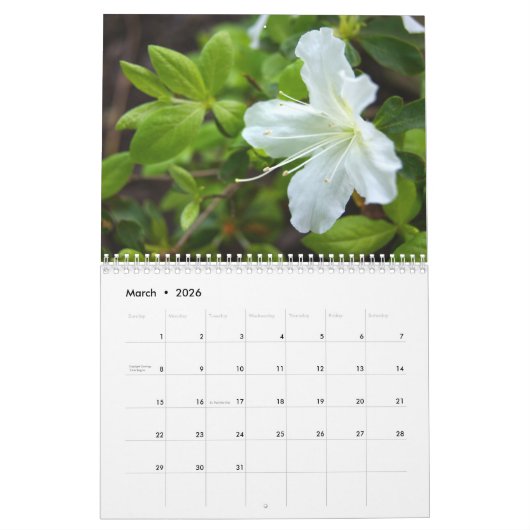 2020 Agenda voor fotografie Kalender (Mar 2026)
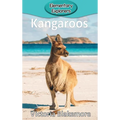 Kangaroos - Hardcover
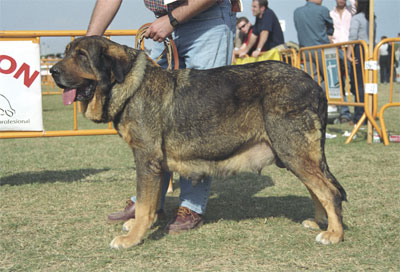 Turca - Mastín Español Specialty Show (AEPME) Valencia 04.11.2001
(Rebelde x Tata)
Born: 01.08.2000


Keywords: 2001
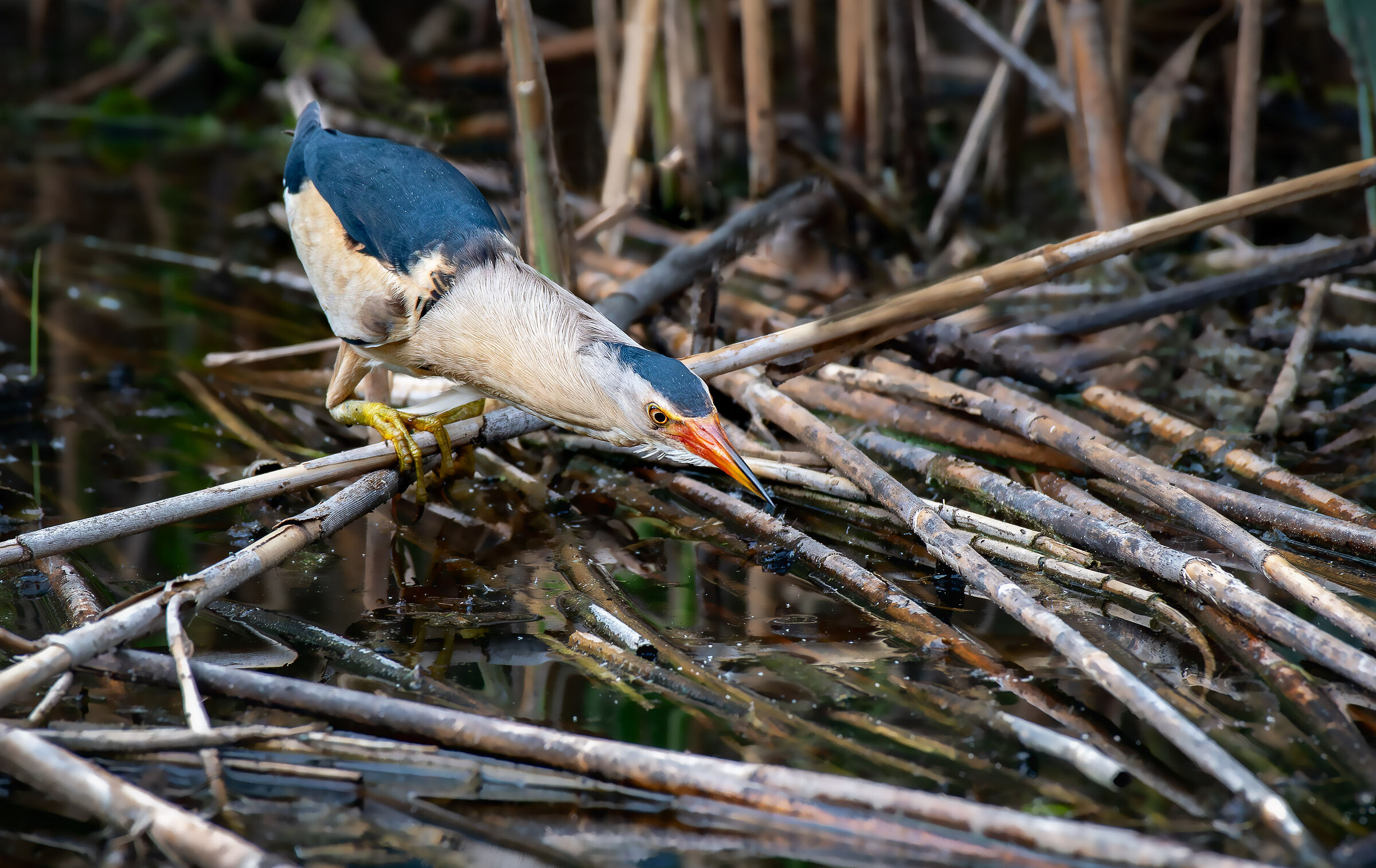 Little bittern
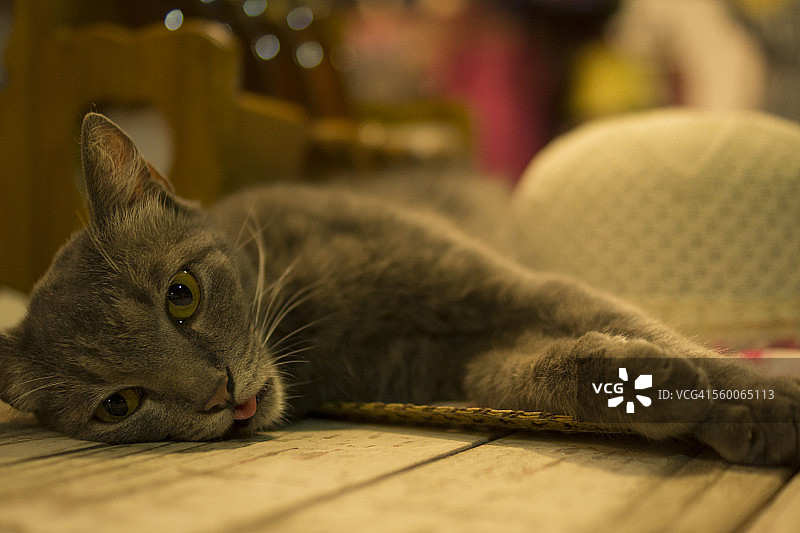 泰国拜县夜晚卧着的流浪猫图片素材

***

**TASK**
In the records above, locate the line with "Kangaroos - Hardcover"; output it and each line after it through the last one, exactly, omitting pictures.

**RESULT OF THIS EXERCISE**
 Kangaroos - Hardcover
 Turca - Mastín Español Specialty Show (AEPME) Valencia 04.11.2001
(Rebelde x Tata)
Born: 01.08.2000


Keywords: 2001
 Little bittern
 泰国拜县夜晚卧着的流浪猫图片素材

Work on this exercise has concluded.